Gilbert Keith Chesterton died on June 14, 1936. This poem about the autumn of his life perhaps spanned several seasons in his consciousness before he died in springtime. I haven’t found out when it was written.
Pippin and I visited Chesterton’s humble grave when we were in England in 2005.
Continuing with my mini-miniseries on the men of Middlemarch, I give you an exemplary passage in which the author explains Casaubon to us. The metaphors she uses to convey the intricacies of his stunted self are many but not too many for me. Even with their being descriptive of a truly pitiable man, my own soul can’t help but “thrill into passionate delight” over George Eliot’s imagination and skill.
He had not had much foretaste of happiness in his previous life. To know intense joy without a strong bodily frame, one must have an enthusiastic soul. Mr. Casaubon had never had a strong bodily frame, and his soul was sensitive without being enthusiastic; it was too languid to thrill out of self-consciousness into passionate delight; it went on fluttering in the swampy ground where it was hatched, thinking of its wings and never flying. His experience was of that pitiable kind which shrinks from pity, and fears most of all that it should be known: it was that proud narrow sensitiveness which has not mass enough to spare for transformation into sympathy, and quivers thread-like in small currents of self-preoccupation or at best of an egoistic scrupulosity.
…even his religious faith wavered with his wavering trust in his own authorship, and the consolations of the Christian hope in immortality seemed to lean on the immortality of the still unwritten Key to Mythologies. For my part I am very sorry for him. It is an uneasy lot at best, to be what we call highly taught and yet not to enjoy: to be present at this great spectacle of life and never to be liberated from a small hungry shivering self – never to be fully possessed by the glory we behold, never to have our consciousness rapturously transformed into the vividness of a thought, the ardour of passion, the energy of an action, but always to be scholarly and uninspired, ambitious and timid, scrupulous and dim-sighted.
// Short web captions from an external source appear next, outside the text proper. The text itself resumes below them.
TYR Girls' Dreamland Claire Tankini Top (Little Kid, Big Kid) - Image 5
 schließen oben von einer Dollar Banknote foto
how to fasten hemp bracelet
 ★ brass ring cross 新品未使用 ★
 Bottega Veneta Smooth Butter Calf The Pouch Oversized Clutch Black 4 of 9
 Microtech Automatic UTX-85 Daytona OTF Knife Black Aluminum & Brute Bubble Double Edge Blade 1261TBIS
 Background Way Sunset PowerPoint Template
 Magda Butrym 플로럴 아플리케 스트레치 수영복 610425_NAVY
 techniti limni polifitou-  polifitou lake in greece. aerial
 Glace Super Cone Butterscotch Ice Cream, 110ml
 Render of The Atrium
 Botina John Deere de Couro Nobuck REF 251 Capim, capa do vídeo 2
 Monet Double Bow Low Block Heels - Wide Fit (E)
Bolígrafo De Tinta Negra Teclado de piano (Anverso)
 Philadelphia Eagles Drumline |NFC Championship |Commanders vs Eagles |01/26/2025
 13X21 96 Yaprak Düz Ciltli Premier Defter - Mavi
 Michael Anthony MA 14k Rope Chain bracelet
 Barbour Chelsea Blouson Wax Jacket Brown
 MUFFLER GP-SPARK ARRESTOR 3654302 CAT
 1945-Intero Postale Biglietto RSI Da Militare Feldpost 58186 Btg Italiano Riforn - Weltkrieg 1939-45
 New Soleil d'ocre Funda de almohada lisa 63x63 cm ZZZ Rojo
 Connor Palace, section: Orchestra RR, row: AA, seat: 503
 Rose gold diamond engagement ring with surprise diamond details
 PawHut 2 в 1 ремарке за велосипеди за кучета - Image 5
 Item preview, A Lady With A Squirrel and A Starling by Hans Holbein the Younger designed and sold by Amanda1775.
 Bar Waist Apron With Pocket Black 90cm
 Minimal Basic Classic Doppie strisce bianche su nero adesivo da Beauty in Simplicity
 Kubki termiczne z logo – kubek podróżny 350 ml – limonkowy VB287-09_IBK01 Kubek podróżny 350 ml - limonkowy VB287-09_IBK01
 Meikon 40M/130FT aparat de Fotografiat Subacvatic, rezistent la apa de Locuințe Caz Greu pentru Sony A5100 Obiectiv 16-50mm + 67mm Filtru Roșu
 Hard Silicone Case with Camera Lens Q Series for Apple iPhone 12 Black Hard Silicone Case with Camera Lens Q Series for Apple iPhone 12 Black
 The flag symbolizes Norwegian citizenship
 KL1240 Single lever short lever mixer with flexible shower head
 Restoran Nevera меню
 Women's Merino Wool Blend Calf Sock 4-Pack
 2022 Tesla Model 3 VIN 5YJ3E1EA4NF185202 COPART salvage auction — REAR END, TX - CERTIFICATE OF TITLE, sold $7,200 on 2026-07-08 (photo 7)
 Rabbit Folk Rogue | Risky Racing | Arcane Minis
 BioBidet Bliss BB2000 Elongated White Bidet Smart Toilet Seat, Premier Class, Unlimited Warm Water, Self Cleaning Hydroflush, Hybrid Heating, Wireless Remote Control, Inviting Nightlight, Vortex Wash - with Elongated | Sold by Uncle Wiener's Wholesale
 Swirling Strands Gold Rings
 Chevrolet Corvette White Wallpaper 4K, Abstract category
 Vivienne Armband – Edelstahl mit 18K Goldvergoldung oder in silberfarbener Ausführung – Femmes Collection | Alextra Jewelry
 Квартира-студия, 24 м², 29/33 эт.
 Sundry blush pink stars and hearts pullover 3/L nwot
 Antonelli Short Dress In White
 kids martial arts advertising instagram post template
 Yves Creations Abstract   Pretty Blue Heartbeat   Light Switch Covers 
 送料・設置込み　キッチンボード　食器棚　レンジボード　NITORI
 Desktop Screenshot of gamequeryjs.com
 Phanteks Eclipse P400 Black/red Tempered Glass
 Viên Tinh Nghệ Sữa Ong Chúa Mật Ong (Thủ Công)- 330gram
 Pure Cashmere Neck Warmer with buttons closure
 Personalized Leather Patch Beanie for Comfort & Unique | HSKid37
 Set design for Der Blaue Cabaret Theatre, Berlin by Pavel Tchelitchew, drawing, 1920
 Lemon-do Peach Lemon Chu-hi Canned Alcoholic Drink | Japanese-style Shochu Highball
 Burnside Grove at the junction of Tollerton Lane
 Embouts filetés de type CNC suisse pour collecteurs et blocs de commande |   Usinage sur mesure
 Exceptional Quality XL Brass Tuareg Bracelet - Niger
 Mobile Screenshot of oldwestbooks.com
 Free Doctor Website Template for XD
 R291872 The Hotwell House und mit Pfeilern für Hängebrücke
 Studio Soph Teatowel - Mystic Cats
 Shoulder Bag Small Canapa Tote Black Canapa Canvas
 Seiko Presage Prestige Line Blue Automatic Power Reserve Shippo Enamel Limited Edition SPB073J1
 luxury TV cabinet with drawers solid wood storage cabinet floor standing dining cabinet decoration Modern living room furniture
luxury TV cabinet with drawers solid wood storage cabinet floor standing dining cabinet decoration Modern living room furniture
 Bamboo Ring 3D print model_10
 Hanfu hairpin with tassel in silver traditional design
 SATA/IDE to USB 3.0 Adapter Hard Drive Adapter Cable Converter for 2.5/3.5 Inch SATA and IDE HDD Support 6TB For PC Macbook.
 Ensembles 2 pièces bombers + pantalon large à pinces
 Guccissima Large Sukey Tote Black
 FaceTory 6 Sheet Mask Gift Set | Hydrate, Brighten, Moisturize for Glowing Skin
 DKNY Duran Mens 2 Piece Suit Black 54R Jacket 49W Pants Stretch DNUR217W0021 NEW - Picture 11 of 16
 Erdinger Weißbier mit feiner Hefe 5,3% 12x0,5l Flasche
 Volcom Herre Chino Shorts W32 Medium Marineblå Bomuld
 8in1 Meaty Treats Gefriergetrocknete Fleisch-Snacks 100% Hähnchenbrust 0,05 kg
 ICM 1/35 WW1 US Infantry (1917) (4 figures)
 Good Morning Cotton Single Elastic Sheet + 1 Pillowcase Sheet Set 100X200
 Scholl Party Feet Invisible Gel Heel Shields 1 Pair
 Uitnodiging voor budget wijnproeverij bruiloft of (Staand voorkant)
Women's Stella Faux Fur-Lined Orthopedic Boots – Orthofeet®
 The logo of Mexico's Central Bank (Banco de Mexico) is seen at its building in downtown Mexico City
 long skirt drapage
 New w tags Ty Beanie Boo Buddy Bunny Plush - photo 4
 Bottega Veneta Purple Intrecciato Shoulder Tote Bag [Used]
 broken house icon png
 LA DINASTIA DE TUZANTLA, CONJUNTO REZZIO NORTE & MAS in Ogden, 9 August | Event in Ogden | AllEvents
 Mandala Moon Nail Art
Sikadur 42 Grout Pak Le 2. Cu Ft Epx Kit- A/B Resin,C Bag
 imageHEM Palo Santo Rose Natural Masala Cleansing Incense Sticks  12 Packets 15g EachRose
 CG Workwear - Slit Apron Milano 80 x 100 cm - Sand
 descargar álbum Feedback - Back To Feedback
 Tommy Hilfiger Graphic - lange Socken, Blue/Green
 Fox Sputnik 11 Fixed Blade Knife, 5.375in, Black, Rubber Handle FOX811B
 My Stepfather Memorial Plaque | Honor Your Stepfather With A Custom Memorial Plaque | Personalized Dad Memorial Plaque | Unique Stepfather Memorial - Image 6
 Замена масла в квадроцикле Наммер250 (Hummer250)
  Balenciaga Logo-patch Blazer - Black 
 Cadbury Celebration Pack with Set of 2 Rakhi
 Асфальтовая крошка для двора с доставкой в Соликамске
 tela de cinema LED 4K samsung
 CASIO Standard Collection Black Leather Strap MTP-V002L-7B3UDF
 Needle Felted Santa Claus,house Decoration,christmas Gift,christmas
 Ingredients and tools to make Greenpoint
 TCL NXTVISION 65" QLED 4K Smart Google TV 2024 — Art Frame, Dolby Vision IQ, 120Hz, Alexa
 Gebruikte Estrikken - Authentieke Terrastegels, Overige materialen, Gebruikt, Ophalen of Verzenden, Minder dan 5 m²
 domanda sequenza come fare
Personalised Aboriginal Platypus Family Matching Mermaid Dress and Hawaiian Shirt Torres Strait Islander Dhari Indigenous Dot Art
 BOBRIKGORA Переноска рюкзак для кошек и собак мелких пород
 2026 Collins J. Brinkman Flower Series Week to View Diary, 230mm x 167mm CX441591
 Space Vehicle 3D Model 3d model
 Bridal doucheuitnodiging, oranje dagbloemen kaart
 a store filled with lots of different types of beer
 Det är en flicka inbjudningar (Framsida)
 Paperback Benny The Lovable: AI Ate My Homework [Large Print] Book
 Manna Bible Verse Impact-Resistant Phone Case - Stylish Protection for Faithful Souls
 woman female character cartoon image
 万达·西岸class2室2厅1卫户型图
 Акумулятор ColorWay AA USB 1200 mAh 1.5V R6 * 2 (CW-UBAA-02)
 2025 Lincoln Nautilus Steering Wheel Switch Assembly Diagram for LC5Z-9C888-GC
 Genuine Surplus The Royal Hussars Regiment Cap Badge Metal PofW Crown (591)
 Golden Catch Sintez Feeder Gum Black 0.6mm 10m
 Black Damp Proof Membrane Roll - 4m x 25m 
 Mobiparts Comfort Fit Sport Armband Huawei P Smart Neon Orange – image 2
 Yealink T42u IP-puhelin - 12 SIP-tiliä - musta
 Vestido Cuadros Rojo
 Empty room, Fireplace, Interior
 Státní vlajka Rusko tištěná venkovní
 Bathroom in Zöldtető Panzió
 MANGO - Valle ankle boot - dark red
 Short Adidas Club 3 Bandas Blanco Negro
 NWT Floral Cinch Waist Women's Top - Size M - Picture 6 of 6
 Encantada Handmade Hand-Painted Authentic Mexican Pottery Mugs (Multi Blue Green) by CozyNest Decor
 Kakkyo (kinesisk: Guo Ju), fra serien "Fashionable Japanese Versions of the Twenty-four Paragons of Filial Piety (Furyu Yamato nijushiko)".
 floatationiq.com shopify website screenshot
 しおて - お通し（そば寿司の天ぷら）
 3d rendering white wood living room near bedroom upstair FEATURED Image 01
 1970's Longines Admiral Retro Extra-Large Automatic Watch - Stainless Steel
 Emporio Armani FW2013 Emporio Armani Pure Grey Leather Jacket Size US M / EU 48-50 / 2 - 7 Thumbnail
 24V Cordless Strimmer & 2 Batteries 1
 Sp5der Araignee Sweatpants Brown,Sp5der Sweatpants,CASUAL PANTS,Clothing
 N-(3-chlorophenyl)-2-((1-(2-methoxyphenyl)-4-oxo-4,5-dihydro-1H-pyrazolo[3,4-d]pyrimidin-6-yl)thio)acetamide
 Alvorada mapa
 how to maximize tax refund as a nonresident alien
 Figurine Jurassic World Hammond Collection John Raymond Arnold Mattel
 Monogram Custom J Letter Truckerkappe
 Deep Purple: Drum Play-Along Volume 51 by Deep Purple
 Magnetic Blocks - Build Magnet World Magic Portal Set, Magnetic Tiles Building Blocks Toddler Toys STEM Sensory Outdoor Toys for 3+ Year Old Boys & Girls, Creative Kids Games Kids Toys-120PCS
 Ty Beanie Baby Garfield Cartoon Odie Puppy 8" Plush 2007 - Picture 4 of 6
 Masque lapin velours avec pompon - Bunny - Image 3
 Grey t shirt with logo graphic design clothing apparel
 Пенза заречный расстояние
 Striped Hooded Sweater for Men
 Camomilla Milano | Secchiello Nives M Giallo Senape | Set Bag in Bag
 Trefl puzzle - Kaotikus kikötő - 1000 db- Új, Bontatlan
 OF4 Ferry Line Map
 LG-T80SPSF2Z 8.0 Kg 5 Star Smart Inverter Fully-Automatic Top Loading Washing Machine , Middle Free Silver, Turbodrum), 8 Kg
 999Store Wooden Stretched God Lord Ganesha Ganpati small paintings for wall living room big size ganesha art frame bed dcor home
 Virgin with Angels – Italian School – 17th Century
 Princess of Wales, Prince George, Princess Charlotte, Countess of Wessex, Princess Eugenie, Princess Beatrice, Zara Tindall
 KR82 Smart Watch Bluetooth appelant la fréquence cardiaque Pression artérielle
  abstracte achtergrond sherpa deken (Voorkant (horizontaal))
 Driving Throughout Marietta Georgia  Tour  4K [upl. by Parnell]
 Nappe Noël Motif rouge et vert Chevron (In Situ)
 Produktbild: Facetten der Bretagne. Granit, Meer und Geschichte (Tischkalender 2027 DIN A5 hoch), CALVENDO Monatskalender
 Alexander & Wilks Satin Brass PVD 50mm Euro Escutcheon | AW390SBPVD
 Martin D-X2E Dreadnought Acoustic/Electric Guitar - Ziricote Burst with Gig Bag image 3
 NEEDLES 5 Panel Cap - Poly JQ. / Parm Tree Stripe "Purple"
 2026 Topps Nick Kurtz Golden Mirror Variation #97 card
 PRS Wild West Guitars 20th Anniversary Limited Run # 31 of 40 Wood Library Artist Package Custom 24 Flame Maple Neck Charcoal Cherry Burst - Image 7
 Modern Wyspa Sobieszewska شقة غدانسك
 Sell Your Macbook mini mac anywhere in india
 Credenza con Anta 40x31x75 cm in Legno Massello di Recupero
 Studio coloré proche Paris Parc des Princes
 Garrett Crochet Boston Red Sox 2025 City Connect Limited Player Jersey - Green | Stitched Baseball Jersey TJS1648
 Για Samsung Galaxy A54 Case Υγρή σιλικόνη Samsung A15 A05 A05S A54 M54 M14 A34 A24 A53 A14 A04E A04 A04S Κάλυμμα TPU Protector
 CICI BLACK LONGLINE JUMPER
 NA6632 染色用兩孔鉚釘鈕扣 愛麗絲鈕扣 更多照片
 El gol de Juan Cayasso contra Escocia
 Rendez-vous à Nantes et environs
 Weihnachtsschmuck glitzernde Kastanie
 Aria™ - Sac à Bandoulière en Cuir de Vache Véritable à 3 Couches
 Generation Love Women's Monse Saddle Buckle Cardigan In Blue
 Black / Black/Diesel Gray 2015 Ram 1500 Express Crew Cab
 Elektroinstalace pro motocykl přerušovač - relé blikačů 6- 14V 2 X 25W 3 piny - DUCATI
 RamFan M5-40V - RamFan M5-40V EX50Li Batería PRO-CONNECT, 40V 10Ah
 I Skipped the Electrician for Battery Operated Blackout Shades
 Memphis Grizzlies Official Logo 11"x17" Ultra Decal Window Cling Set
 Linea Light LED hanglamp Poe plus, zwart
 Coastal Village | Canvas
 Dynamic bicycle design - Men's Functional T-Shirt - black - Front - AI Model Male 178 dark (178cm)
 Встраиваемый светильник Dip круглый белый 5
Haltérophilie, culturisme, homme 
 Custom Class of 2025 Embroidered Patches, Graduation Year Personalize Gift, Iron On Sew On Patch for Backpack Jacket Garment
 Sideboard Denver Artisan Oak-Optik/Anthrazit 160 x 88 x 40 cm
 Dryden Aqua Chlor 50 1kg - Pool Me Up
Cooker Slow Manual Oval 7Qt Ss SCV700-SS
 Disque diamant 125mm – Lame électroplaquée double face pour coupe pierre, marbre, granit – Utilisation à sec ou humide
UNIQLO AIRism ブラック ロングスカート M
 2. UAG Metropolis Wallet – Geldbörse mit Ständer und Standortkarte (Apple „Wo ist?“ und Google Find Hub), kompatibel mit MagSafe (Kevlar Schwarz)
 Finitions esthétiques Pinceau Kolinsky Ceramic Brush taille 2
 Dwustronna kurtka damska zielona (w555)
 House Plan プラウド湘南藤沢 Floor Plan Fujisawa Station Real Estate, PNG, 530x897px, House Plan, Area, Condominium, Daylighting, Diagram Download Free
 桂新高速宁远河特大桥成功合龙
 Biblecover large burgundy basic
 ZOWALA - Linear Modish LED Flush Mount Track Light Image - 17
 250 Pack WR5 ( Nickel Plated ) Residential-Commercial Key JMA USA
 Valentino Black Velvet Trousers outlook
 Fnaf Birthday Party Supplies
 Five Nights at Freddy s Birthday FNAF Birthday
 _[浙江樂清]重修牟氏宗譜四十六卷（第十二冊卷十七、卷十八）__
If Dorothea could only have seen into Casusbon’s mind and heart the way his creator does, then she would have realized that he is not a man prepared to be a husband — maybe. But more on Dorothea later.
My tendency to be flippant or dismissive of Casaubon flows from his being fictional. (In the earlier version of this post I wrote fictitious, but then I realized that fictitious connotes false to me, which is reason enough not to use that word for a book character who is drawn so clearly in the shape of reality.) We can examine him closely and analyze each of his parts and guess at his destiny without being gossips. He is an archetype of one form of Lost Soul, and thinking about him and his engagement with other characters can enrich our understanding of humanity, and perhaps even instruct us in love.
Celia hasn’t the ability to debate the “notions” and idealism that are leading her sister toward marriage to Casaubon, but her instincts tell her that something is not right about this “death’s head warmed over.” That her beloved sister is planning to join her life with his disturbs her greatly.
“O Mrs. Cadwallader, I don’t think it can be nice to marry a man with a great soul.”
“Well, my dear, take warning. You know the look of one now: when the next comes and wants to marry you, don’t you accept him.”